旧市街は砂漠みたいに乾いた大地にある城壁の町、といった感じでまるで日本の町とは雰囲気の違うところだ(当たり前かもしれないが)。城壁に囲まれた町は、日本のように近代的な建物があるわけでもなく、こちょこちょと古い建物がひしめき合っているような感じの町並だ。
そして夜の旧市街は、日本のように煌々と街灯が明るく照るのとは違い、各建物の壁や窓からオレンジ色薄暗い灯りがもれるようなうっすらとした明るさで、いつも私たちが見慣れている夜景とは明らかに違う。そのうっすらとした不思議な明るさ、それはまるで何百年も前からこんな景色だったのではないかと思わせるような、幻想的な町の夜景だった。
ガイドのおじさんによると、「この景色はエルサレムの町に似ている」とのこと。なるほど、エルサレムはきっとこんな感じの町なのだろうと素直に思う私であった。行ったことはないけど、エルサレムという町のイメージにぴったりくる、そんな風景であった。

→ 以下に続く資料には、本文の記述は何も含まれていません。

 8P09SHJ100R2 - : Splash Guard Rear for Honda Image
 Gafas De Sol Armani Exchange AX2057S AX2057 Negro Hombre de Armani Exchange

夜景を見て、ガイドのおじさんによる私たちの旧市街の観光はお終い。新市街まで戻ってきてガイドのおじさんと別れた。おじさんにここで約束のお金を払った。ここで一気に高いお金をふっかけられたらどうしようかと思ったけど、最初の約束どおり120ディラハムでふっかけられることはなかった(ホッ)。おじさんに20ディラハム(約230円)のチップを払って別れた。